Stel, je hebt besloten op vakantie te gaan. Naar Toscane, Italië. Je hebt een prachtige locatie gevonden in de buurt van Florence. Je koopt een informatieboekje over de omgeving, je maakt plannen, kruist de stadjes aan die je wilt bekijken, de marktjes die je wilt bezoeken. Je hebt ook al een datum geprikt. Een datum van aankomst en een datum van vertrek. Je pakt je koffers, regelt je reispapieren, doet wat inkopen, zorgt ervoor dat je goed bent uitgerust voor de reis en als het zo ver is, stap je in je auto. Langzaam maar gestaag koers je af op je einddoel. Zo’n 1.400 km lang zie je landschappen aan je voorbij trekken, zie je de wereld veranderen. Op de kaart volg je nauwgezet waar je bent en hoe ver je nog moet. En wanneer je in de buurt komt van je einddoel, ben je er ook echt aan toe om aan te komen.

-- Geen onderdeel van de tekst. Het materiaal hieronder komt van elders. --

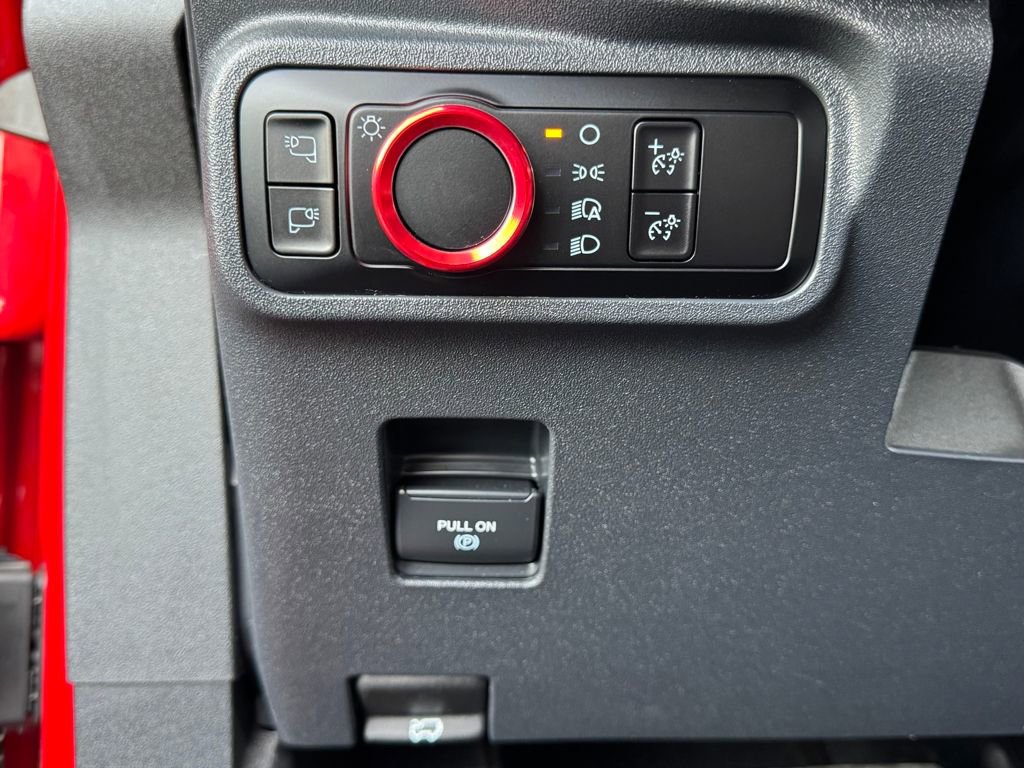 Used 2024 Ford Bronco Badlands image 14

Dit zou een door mij gewenst scenario zijn. Je goed voorbereiden en ook zo aankomen op een plek die je zelf hebt uitgekozen, waar je je op hebt verheugd. Alles in jou heeft kunnen wennen aan de aankomst, wat het aankomen zelf relatief eenvoudig maakt. Ook al ben je dan op een plek die nog volkomen vreemd voor je is, waar je de weg nog niet kent, de taal niet spreekt. Je bent aangekomen in waar je wilt zijn. Heerlijk.
En dan de realiteit. Eerst even terug in de tijd.
Je bent thuis, de zon schijnt. Je hebt plannen voor deze dag en voor de dagen die komen. Eén van de plannen voor vandaag is een wandelingetje in het bos. Daarna zie je jezelf weer in de tuin zitten. Met een lekker wijntje in je hand, genietend van het middagzonnetje. Je weet ook al dat daarna heerlijk voor je zal worden gekookt. Witte asperges met een stevig aardappeltje, een plakje ham, gekookt eitje. Je ziet het helemaal voor je. Helaas komt er iets tussen. Letterlijk. Niks wijntje, niks asperges. Tegen de tijd dat het middagzonnetje schijnt bevind je je in het ziekenhuis. Een realiteit die je niet aan hebt zien komen. Waar je je niet op hebt kunnen voorbereiden. En er gebeurt zo veel met je dat je daaraan ook niet toe komt, aan aankomen, je leeft met de dag.
Vandaag, bijna vijf weken na dat bewuste moment, dat moment waarop mijn plannen voor mij werden veranderd, begin ik me er pas bewust van te worden waar ik in ben aangekomen. Een gesprek met de fysiotherapeut was daarbij behulpzaam. Op mijn verzoek schetste ze mijn herstelperiode en de periode van revalidatie in de tijd. Waar ik dacht in september weer een hele Piet te zullen zijn houdt zij mij een andere film voor. Een realistische in plaats van een optimistische. Ze zegt, ´als jij begin september een rondje om het park kunt lopen, dan doe je het goed. Voor volledig herstel mag je rekenen op een jaar´. Dat was gisteren. En vandaag kom ik steeds meer aan in het besef wat dat betekent. Begint het me duidelijk te worden waar ik in ben aangekomen. En begint me ook steeds duidelijker te worden waar ik aan ben ontsnapt. Na de tranen word ik stil. Pfffoe. Vorig jaar, rondom de operatie, schreef ik over de Hogeschool voor Aanvaarden. Dat vond ik een hele klus. Dit voelt aan als een universitaire studie in die kwaliteit.
Zou ik daar ook een leuke baan mee kunnen scoren, straks?